# Dawes with disk brakes



## Wardy (26 May 2013)

I'm thinking of buying either the current Super Galaxy or Galaxy Plus models and I wondered if anyone had experience of these bikes and in particular, the braking. I seem to recall reading somewhere that disk brakes can cause fork judder.


----------



## Bodhbh (27 May 2013)

Disc brakes are completely unsuitable for any touring bike worth it's salt.

/edit /duck


----------



## Wardy (27 May 2013)

Bodhbh said:


> Disc brakes are completely unsuitable for any touring bike worth it's salt.
> 
> /edit /duck


 Why do you say that?


----------



## stephenjubb (27 May 2013)

Bodhbh said:


> Disc brakes are completely unsuitable for any touring bike worth it's salt.
> 
> /edit /duck


 

This is like the steel v aluminium debate. All the pros and cons of disk v rims can be found here

http://www.crazyguyonabike.com/doc/page/?page_id=8174

I would think dawes would have overcome the disadvantages, but check to make sure.

I'd agree with Bodhbh however and the reason is simplicity. The simpler the bike the easier it is to repair and get spairs and thus less hassle.

Your own priorities, thoughts and tour requirement will guide you as to whether you want disks or not.

Me I like simplicity, the ability to repair myself and get spairs anywhere. Makes for less to think about on tour if there are any issues which means a better tour to allow your mind to wander to other stuff.

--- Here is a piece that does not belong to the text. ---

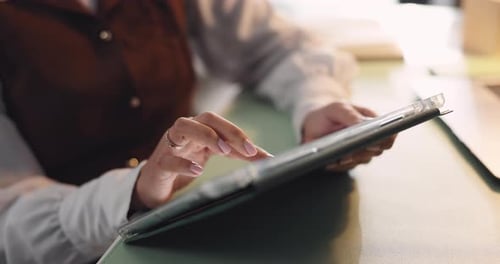 Woman Uses Tablet at Desk in Home Office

And it ultimately normally means a hassle free tour. No need to source complicated requirements though there are arguments about this as well that say you can take spares, get everything sent out but again not as simple as nipping into a LBS and getting a bog standard replacement.


----------



## stephenjubb (27 May 2013)

also have a look at these reviews

http://www.ctc.org.uk/sites/default/files/file_public/bike-test-disc-braked-tourers.pdf


----------



## Bodhbh (27 May 2013)

Wardy said:


> Why do you say that?


 
Sorry I'd had a few and was being mischievous. I have hydraulic disk brakes on my tourer. I'd probably go for cables if I was building one from scratch or heading off across Africa - however as they've never gone wrong there's not much point changing them for the sake of it. Regarding any specific problem with the brakes on the Dawes I have no idea.



stephenjubb said:


> This is like the steel v aluminium debate.


 
Just a bit


----------



## Wardy (27 May 2013)

Thanks guys. Having read both reviews, one wonders exactly what Dawes has done to counter the additional stress disks will place on wheel/fork. I'm probably less inclined to go down the disk path now, but having owned several drop-bar bikes over the years (my old 70's Super Gal being one), I've always been aware of the less than satisfactory braking ability of rim brakes, especially in the wet. No doubt, changing a new Super Galaxy to rim braking would be rather expensive, so it looks like I shall have to find a 2012 model!


----------



## stephenjubb (27 May 2013)

http://www.spacycles.co.uk/products.php?plid=m1b0s21p2733
http://www.spacycles.co.uk/products.php?plid=m1b0s21p2734


----------



## Wardy (27 May 2013)

stephenjubb said:


> http://www.spacycles.co.uk/products.php?plid=m1b0s21p2733
> http://www.spacycles.co.uk/products.php?plid=m1b0s21p2734


 Thanks Stephen. The Ultra is tempting!


----------



## Ticktockmy (27 May 2013)

Personally having used V and disk brakes for touring, my feelings are either will do the job, both have good points and bad points. but from my experience, buy the best you can afford, which means in the case of V brakes good quality rims and pads. Likewise for disk brakes buy the best you can afford, in my case when touring, I enjoy the thrill of fast downhills, and as I normally have front and rear panniers camping kit etc, brakes are important to me. So I use Hydraulic disk brakes as to me they feels more positive in action.


----------



## Wardy (28 May 2013)

Ticktockmy said:


> Personally having used V and disk brakes for touring, my feelings are either will do the job, both have good points and bad points. but from my experience, buy the best you can afford, which means in the case of V brakes good quality rims and pads. Likewise for disk brakes buy the best you can afford, in my case when touring, I enjoy the thrill of fast downhills, and as I normally have front and rear panniers camping kit etc, brakes are important to me. So I use Hydraulic disk brakes as to me they feels more positive in action.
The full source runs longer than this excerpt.